Dataset section:
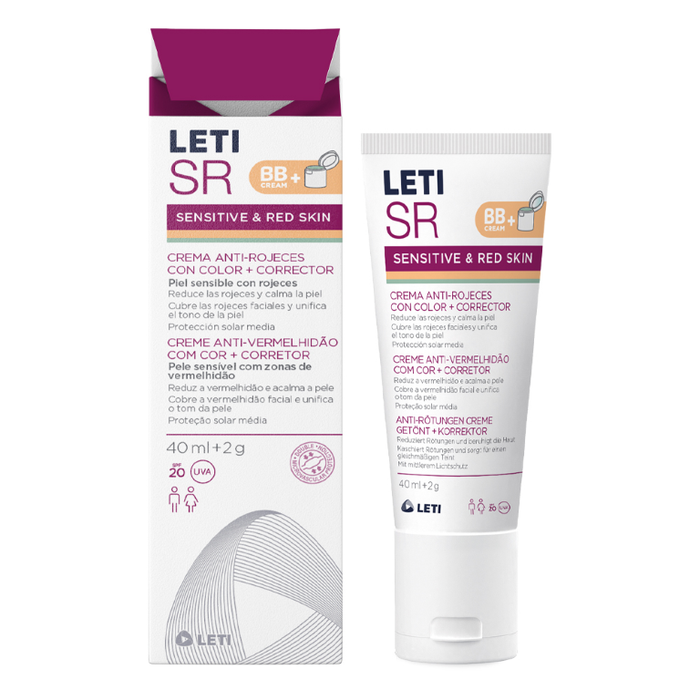 LETI SR Anti-Rötungen Gesichtscreme getönt + Korrektor - Getönte Tagespflege bei sensibler oder geröteter Gesichtshaut mit SPF 20, 40 ml Creme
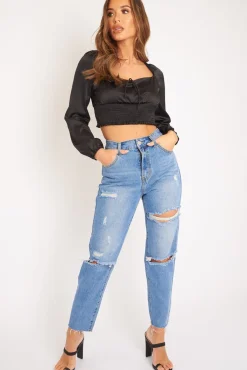 Rebellious Fashion Black Shirred Long Sleeve Strap Back Detail Crop Top -Traniyah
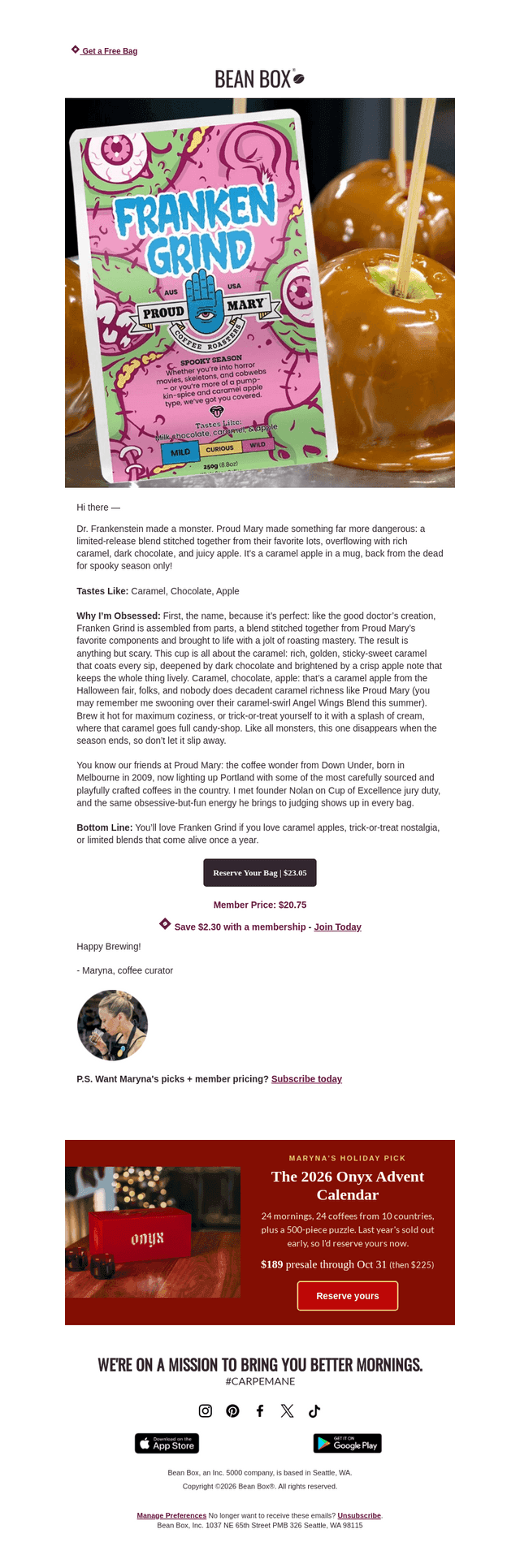 BeanBox email from Sat, Oct 17, 2026
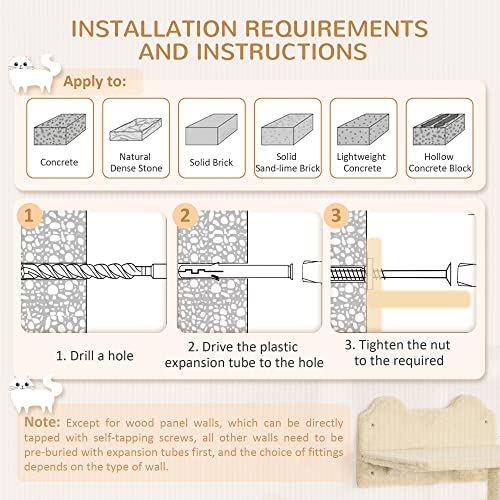 5PCs Cat Wall Shelves Set by PawHut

The problem: Write out the listing above exactly, images omitted.

Response below:
 LETI SR Anti-Rötungen Gesichtscreme getönt + Korrektor - Getönte Tagespflege bei sensibler oder geröteter Gesichtshaut mit SPF 20, 40 ml Creme
 Rebellious Fashion Black Shirred Long Sleeve Strap Back Detail Crop Top -Traniyah
 BeanBox email from Sat, Oct 17, 2026
 5PCs Cat Wall Shelves Set by PawHut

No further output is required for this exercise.